46

I've made a single simple change to a large number of files that are version controlled in git and I'd like to be able to check that no other changes are slipping into this large commit.

The changes are all of the form

-                       "main()",
+                       OOMPH_CURRENT_FUNCTION,

where "main()" could be the name of any function.

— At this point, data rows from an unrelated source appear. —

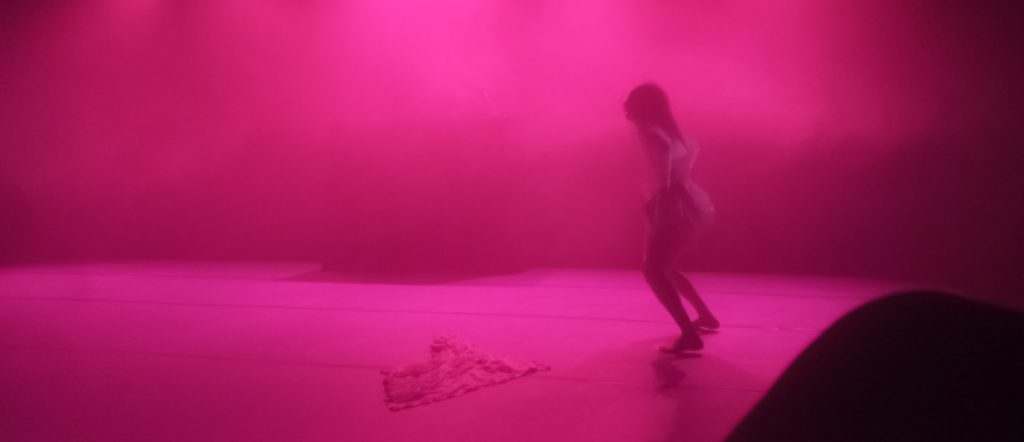 Mecánica, Luz Arcas, Le Parody, baile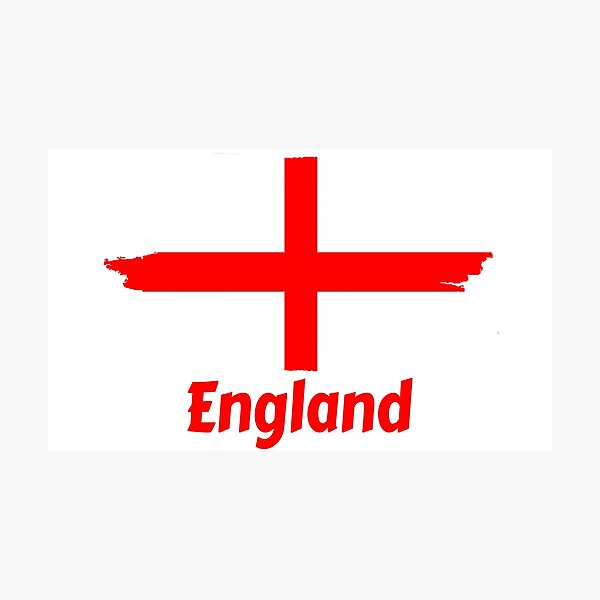 Item preview, England Flag designed and sold by HopaHope.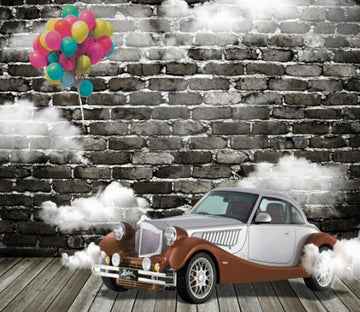 Balloons And Car Wallpaper AJ Wallpaper 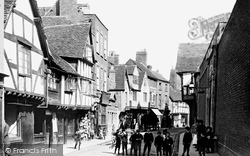Friar Street 1891, Worcester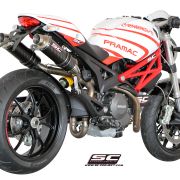 SC-Project Ducati Monster 696 / 796 / 1100 GP Slip On Exhaust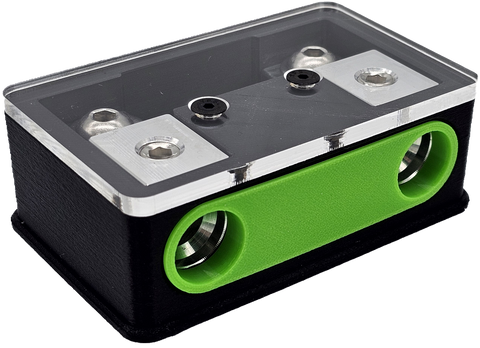 COMPACT 1/0 SIDE EXIT SET SCREW TYPE ANL FUSE HOLDER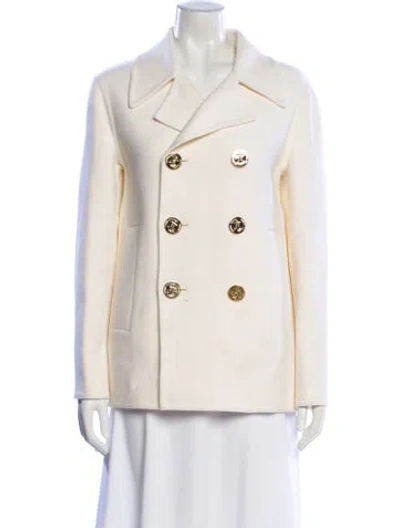 Pre-owned Dior Alpaca Blazer In Neutral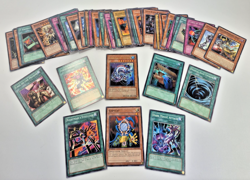 Yu-Gi-Oh Vintage Lot Of 63 Different Cards Original w/foils & All 1st Editions - Image 1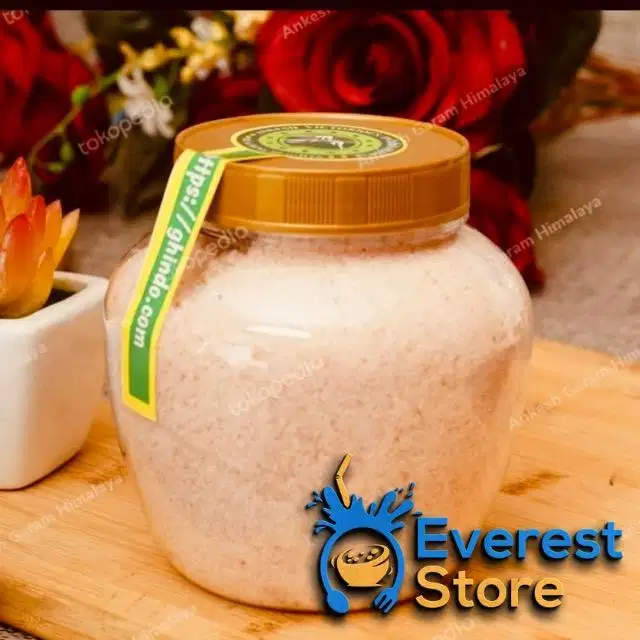 Himalaya Rock Salt / Garam himalaya 500g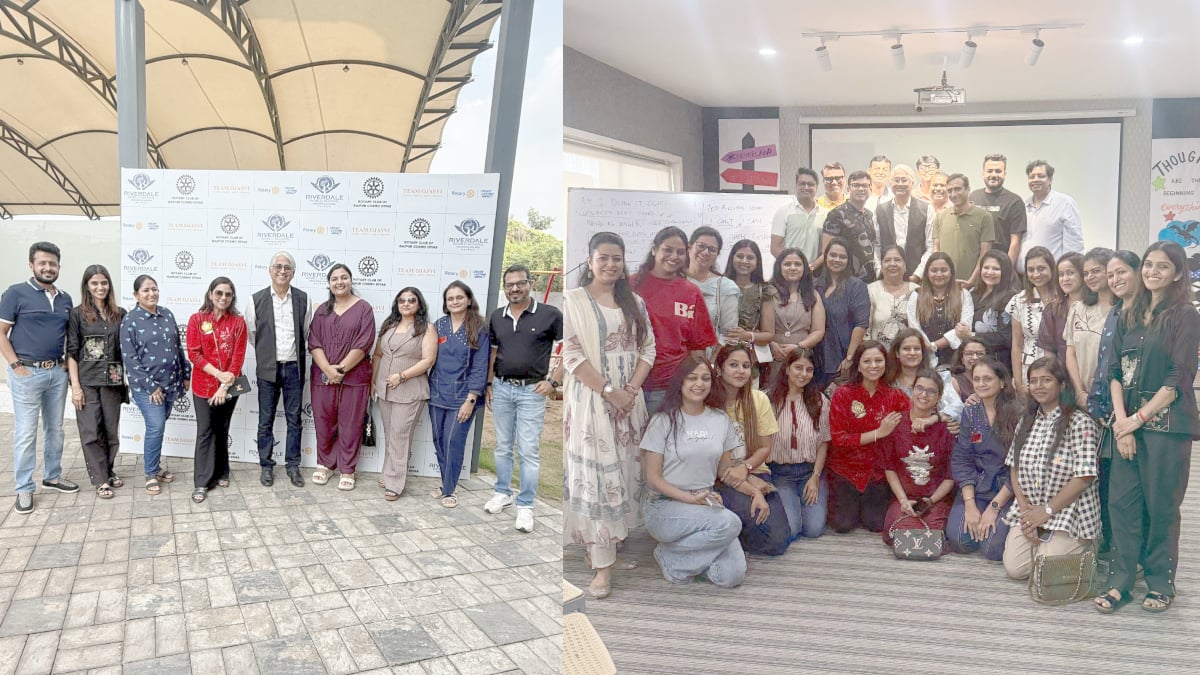 Rotary Club of Raipur Cosmo Divas का ‘परवरिश’ पैरेंटिंग सत्र : एक्सपर्ट सुशांत कालरा ने बताए बच्चों की बेहतर परवरिश के गुर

I want to generate a diff of all changes that are not of this form.

The -G and -S options to git diff are tantalisingly close--they find changes that DO match a string or regexp.

Is there a good way to do this?

Attempts so far

Another question describes how regexs can be negated, using this approach I think the command should be

git diff -G '^((?!OOMPH_CURRENT_FUNCTION).)*$'

but this just returns the error message

fatal: invalid log-grep regex: Invalid preceding regular expression

so I guess git doesn't support this regex feature.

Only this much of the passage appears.